→ **Task requirements**: With pictures left out, return only the lines from the line containing "Short polar fleece poncho for daytime wear" through the end of the material below, both included.

→ **Data below**:
□ □ □ □ □ □ □

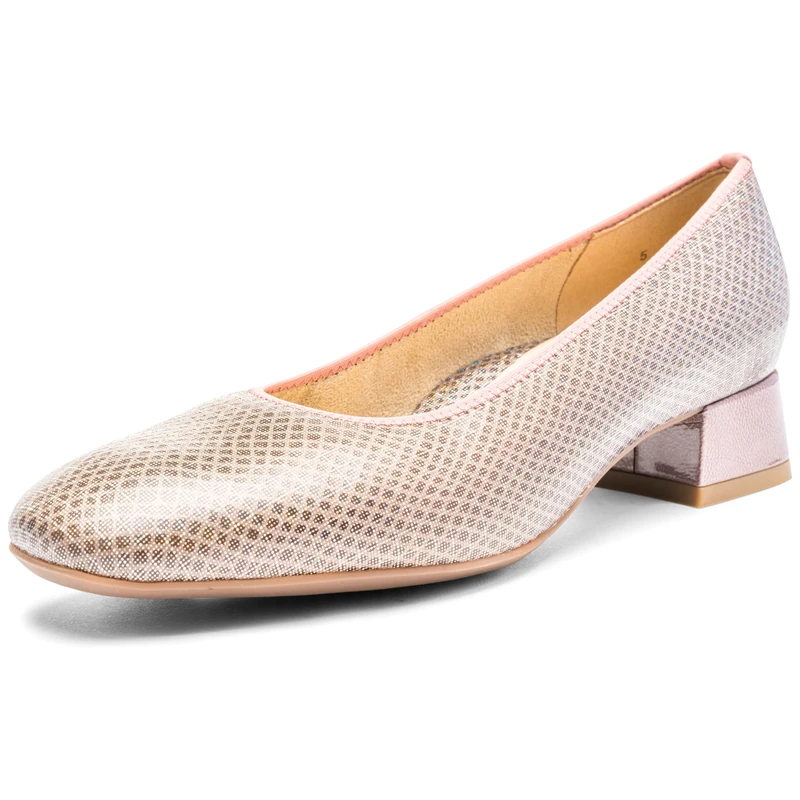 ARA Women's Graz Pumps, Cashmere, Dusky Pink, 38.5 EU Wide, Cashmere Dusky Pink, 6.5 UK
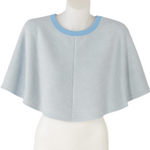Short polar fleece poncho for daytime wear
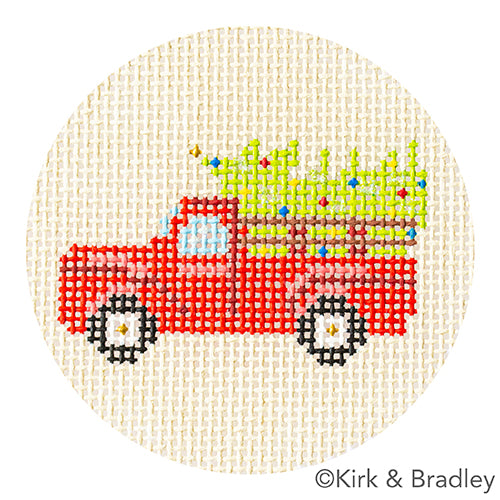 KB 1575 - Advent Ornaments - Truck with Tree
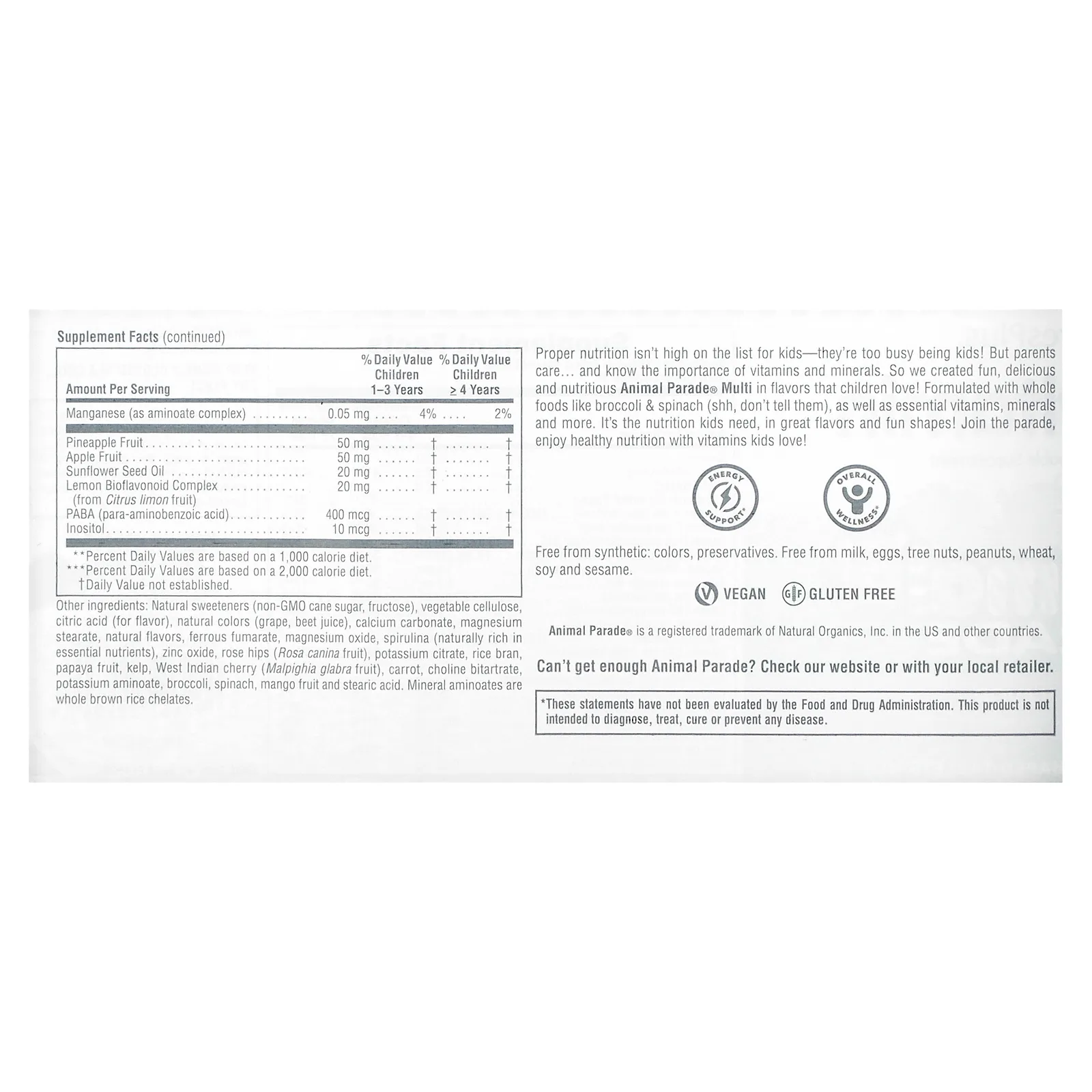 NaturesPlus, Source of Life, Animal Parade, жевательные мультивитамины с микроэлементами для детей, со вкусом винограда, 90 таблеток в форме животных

□ □ □ □ □ □ □

→ **Answer box**:
Short polar fleece poncho for daytime wear
 KB 1575 - Advent Ornaments - Truck with Tree
 NaturesPlus, Source of Life, Animal Parade, жевательные мультивитамины с микроэлементами для детей, со вкусом винограда, 90 таблеток в форме животных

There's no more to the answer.